COMMENTARY AT CAL MATTERS: California needs comprehensive groundwater management

The Department of Water Resources should enhance groundwater protection with changes to California’s Sustainable Groundwater Management Act.

By Jeanette Howard, director of the freshwater science team at The Nature Conservancy, Melissa M. Rohde, groundwater scientist at The Nature Conservancy, and Barton H. Thompson, a senior fellow of the Woods Institute for the Environment, and faculty director of Water in the West at Stanford University

While California’s landmark Sustainable Groundwater Management Act promised comprehensive protection of the state’s groundwater, significant gaps remain in its coverage.
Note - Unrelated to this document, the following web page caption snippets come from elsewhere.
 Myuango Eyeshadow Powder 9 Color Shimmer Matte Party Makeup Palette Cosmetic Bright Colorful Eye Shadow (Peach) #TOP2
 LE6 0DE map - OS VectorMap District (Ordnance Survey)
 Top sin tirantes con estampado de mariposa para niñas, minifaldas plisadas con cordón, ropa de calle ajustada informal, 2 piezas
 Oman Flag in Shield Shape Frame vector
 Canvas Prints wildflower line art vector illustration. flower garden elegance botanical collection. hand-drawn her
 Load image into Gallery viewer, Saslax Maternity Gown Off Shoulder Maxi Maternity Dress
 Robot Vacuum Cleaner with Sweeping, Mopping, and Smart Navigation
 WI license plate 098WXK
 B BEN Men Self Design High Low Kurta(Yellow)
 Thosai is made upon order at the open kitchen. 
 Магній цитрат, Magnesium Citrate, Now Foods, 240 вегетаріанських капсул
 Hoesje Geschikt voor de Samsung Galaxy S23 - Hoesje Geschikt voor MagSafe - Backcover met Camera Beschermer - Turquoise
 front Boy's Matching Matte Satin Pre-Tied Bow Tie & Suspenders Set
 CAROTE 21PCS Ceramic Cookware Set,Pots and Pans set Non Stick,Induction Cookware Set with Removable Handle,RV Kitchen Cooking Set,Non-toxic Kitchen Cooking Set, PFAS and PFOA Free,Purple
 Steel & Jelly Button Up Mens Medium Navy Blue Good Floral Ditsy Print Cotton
The Department of Water Resources now has an opportunity to reduce or eliminate those gaps and should seize the moment. We know all Californians will experience another year of water shortages and warmer, drier conditions that will require conservation and which are likely to fuel destructive wildfires in our forests and around our communities.

We are all in this together. Groundwater is critical for California, particularly in dry years when it provides up to 60% of the water supply for farms and people.  But a recent Stanford Water in the West publication, “Mind the Gaps: The Case for Truly Comprehensive Sustainable Groundwater Management,” finds that the groundwater management act currently protects less than 2% of our groundwater. While it covers those groundwater basins where the vast majority of pumping occurs today, it does not protect many important groundwater sources. This leaves the majority of our groundwater at risk of over-pumping, now and in the future, with no state oversight to safeguard rural domestic wells, sensitive habitats and other beneficial uses of water.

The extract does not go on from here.